Central Flask Facility
For remote sites and for airborne campaigns, often the only way to obtain precise data is to collect air in glass flasks in situ and to analyze the samples later in a laboratory equipped with the appropriate analytical instruments. Compared to in-situ measurements this increases the risk of altering the air trace gas composition either during the sampling procedure or during the storage prior to measurement.
The composition of an air sample in glass flasks can be adulterated by a number of effects:
- Insufficient flushing before the actual sampling can lead to a contamination by the previous flask content.
- Adsorption and desorption of gas molecules on surfaces can change the concentrations and / or isotopic compositions of O2 , CO2 and other trace gas species, becoming important at high precision levels.
- Polymers used as sealing material are subject to gas permeation thereby reducing the reliability of the seal for long term storage.
- Organic material in the flasks including O-ring material and / or O-ring can partially be oxidized, altering the air composition as well as the isotopic signature in both isotopes of CO2 .
- δ18O values can change when traces of moisture are present in the flask or develop over time (e.g. via permeation through the O-rings).
In order to stabilize the conditions for all flasks that leave our institute for being filled anew with sample air in the field we created a Central Flask Facility in 2001 that handles flasks and keeps track of their whereabouts and performance.
Flask design
To reduce adsorption and desorption of gas molecules on surfaces, the flasks used for air analysis are made of borosilicate glass 3.3 (Schott Duran®). The air sampling is done with flasks of 1L volume equipped with two valves allowing flushing prior the actual sampling. In general the valves are sealed with caps made from Kel-F® (PCTFE, PolyChloroTriFluoroEthylene; Fig. 1). This material shows the lowest permeation of gases (Sturm et al. 2004) compared to most other sealing materials.
For the less critical case of air emanating from soils, also flasks with PFA (Perfluoralkoxy-Copolymer) O-rings or Viton® (DuPont fluorelastomer) double O-rings with buffer volume (Fig. 2) are in use. These samples usually exhibit a wide range of trace gas mixing ratios and δ13C CO2 values whereas O2 concentration and δ18O values so far are of minor interest. This diminishes relative errors arising from adverse effects of gas permeation and / or oxidation processes of these sealing materials to an acceptable level.
Flask treatment
In order to guarantee that the inner surfaces of the flasks are free of contaminations and traces of water originating from the previous sample or from the manufacturing process the flasks routinely are conditioned by keeping them at + 60 °C while evacuating with a low pressure membrane pump. Storage effects on air composition (e.g. δ18O effects) become negligible when this evacuation procedure lasts or exceeds 72 hours. Fig. 3 shows a schematic sketch of the used heating oven. Every flask coming newly into use or suspected to be contaminated is subjected to the described evacuation procedure.
Adsorption and desorption effects can decrease significantly when the differences in air composition and pressure vary only slightly from sample to sample. For this reason the stored flasks are filled with atmospheric air to comply with the conditions during the sampling conditions.

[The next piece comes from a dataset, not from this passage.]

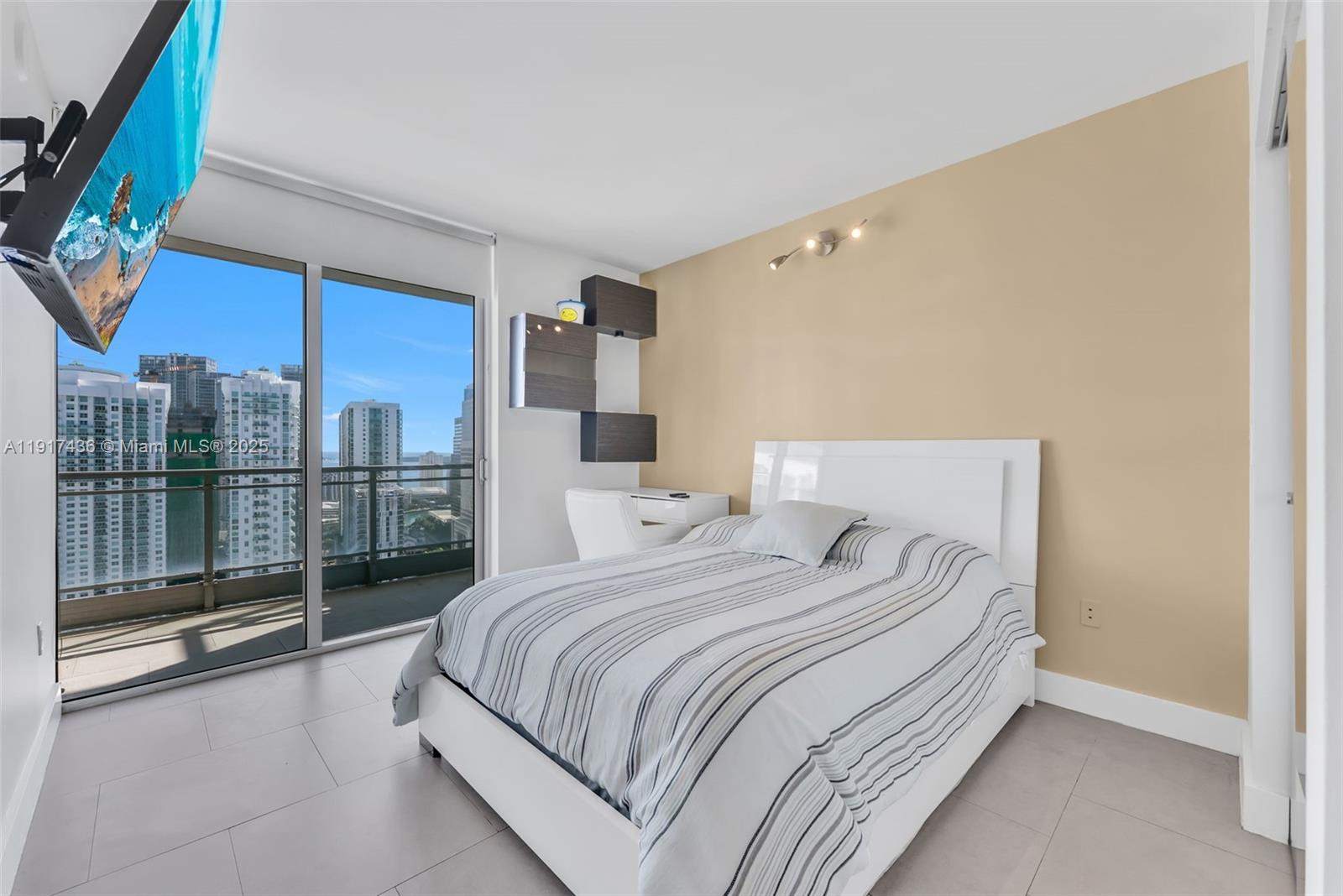 92 Southwest 3rd Street, Unit 3611 Miami, FL 33130 - Photo 10 of 18 a bedroom with a balcony a bed and a night stand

For this purpose we have built a flask conditioning unit (Fig. 4) where all flasks are filled with dry air to a pressure of 1.6 bars by flushing them over a period of 30 min using a flow of 3 l/min (STP). With 5 flasks in a row, these 90 liters of air passing through the flasks replace the air in the flasks about 9 times.
In a long term experiment we could show that the storage temperature has an influence especially on the δ18O of CO2 in flask samples. The δ18O values show a continuous decrease over time at a storage temperature of + 60 °C, whereas this drift was negligible (less than 1/10th) at temperatures at + 25 °C and below in the same time period. Among others we conclude from this observation, that storage at + 60 °C may serve as a quick test to check flask storage performance. Fig. 5 shows the storage pattern of glass flasks after the described treatment of conditioning stored at + 60 °C for extended periods of time. The observed drift in δ18O corresponds to less than 0.01 ‰ in 200 days stored at room temperature. δ13C values are unaffected. This is quite acceptable for the high accuracy required for atmospheric analyses.